→ EXERCISE BRIEF
Omit all images, then repeat exactly the lines below from the one containing "Hiddenverse: Witch's Tales app icon" through the one containing "KNDPM3AC8J7337974 KIA Sportage Lx", both ends included.

→ DATA
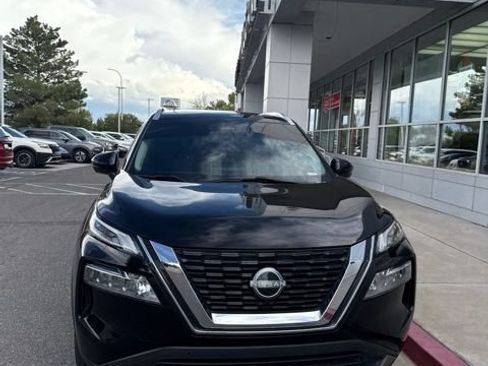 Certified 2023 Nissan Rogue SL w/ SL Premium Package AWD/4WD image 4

==

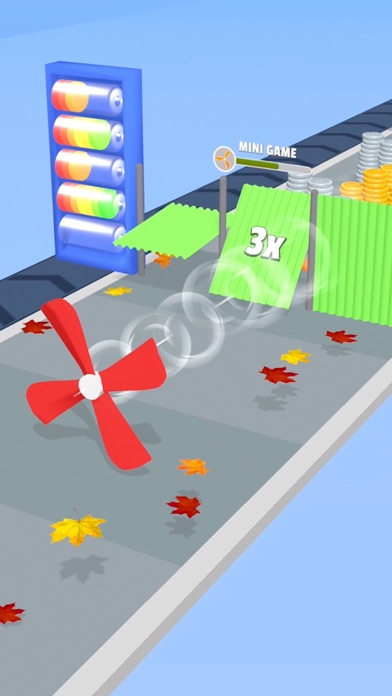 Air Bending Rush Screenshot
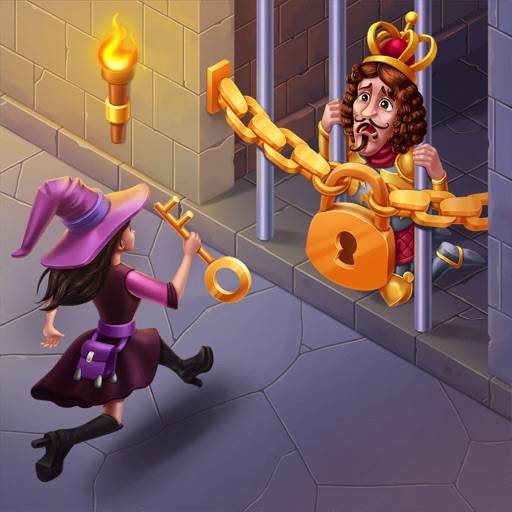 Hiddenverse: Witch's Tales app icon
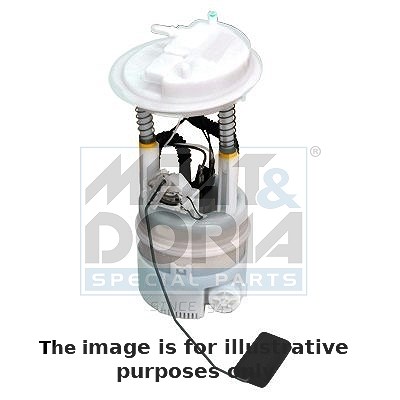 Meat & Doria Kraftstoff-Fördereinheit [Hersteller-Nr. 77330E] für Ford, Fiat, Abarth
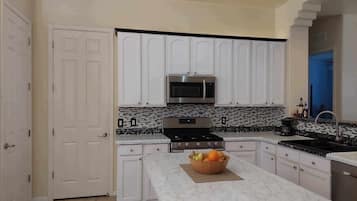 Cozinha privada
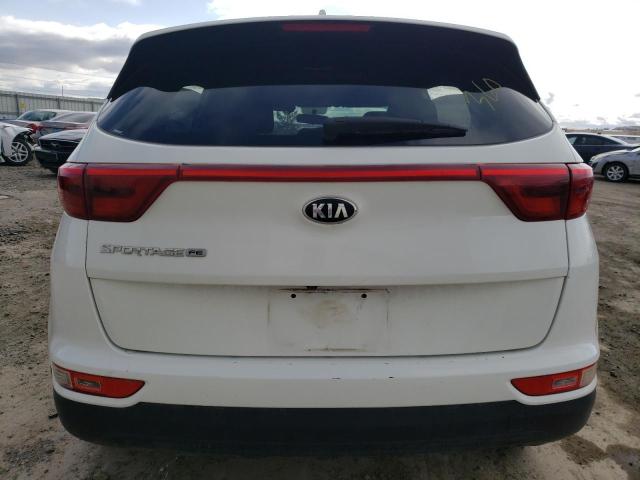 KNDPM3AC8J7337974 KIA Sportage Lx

--

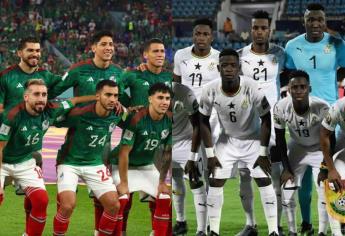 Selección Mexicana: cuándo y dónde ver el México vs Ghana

→ TASK ANSWER
 Hiddenverse: Witch's Tales app icon
 Meat & Doria Kraftstoff-Fördereinheit [Hersteller-Nr. 77330E] für Ford, Fiat, Abarth
 Cozinha privada
 KNDPM3AC8J7337974 KIA Sportage Lx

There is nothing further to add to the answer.